▸ What is needed:
Reproduce the entries in full. Exclude all images from the copy.

+---+

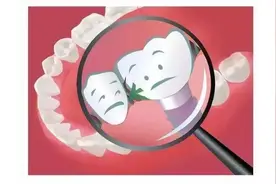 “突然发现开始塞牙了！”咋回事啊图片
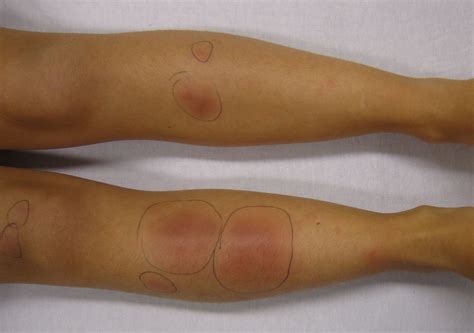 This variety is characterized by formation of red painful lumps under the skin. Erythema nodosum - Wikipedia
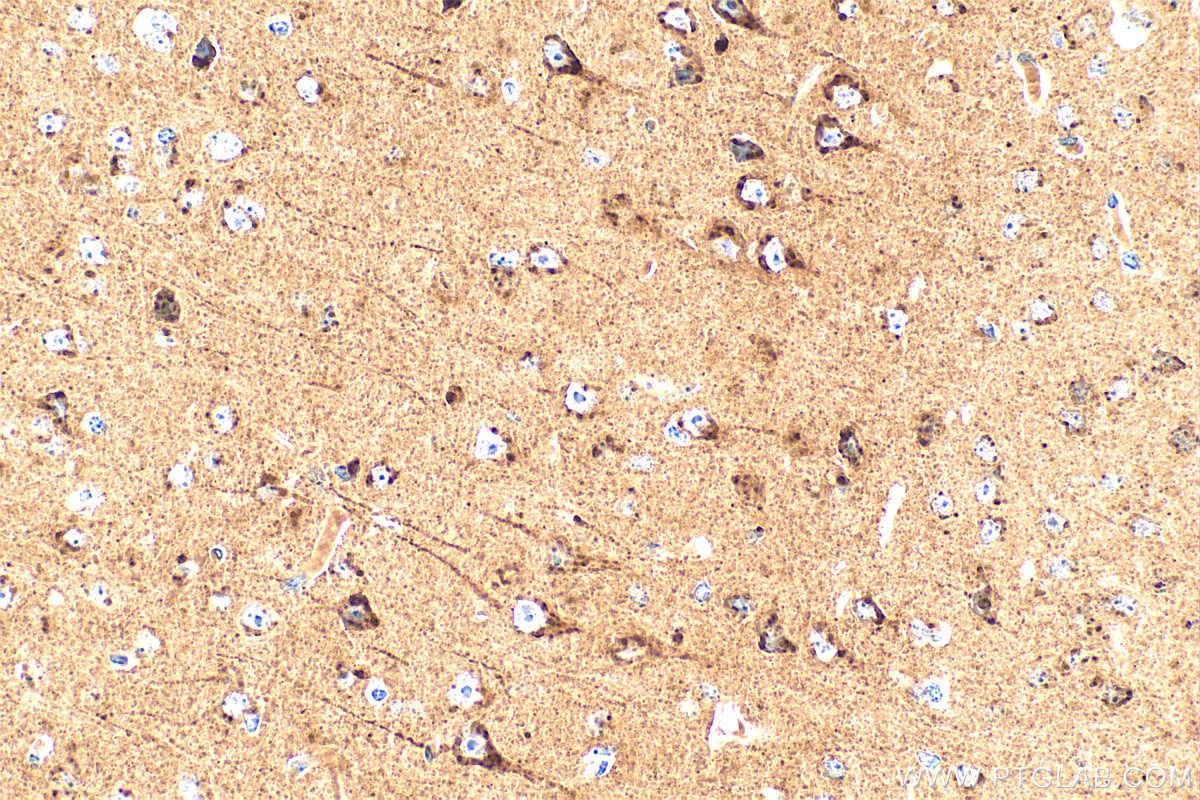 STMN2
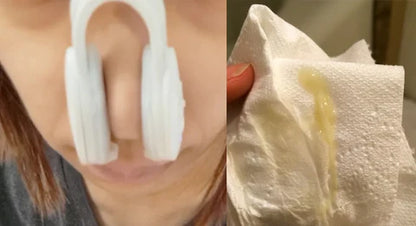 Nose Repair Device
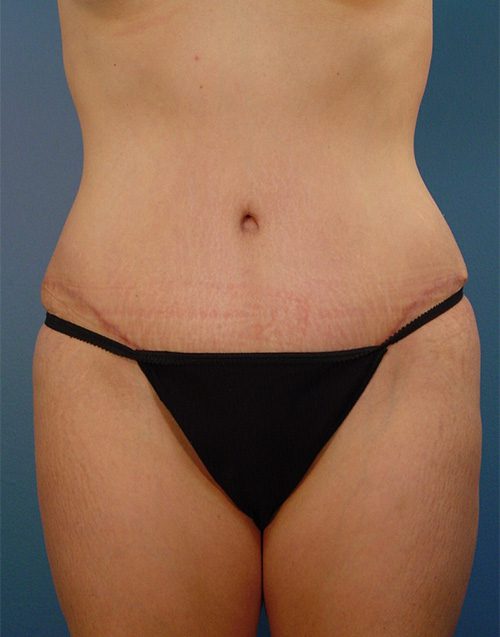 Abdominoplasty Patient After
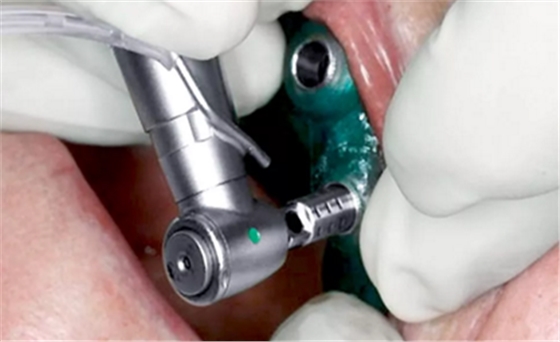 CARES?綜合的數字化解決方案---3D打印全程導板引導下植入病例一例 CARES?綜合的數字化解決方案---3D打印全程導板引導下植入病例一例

+---+

▸ Task solution:
 “突然发现开始塞牙了！”咋回事啊图片
 This variety is characterized by formation of red painful lumps under the skin. Erythema nodosum - Wikipedia
 STMN2
 Nose Repair Device
 Abdominoplasty Patient After
 CARES?綜合的數字化解決方案---3D打印全程導板引導下植入病例一例 CARES?綜合的數字化解決方案---3D打印全程導板引導下植入病例一例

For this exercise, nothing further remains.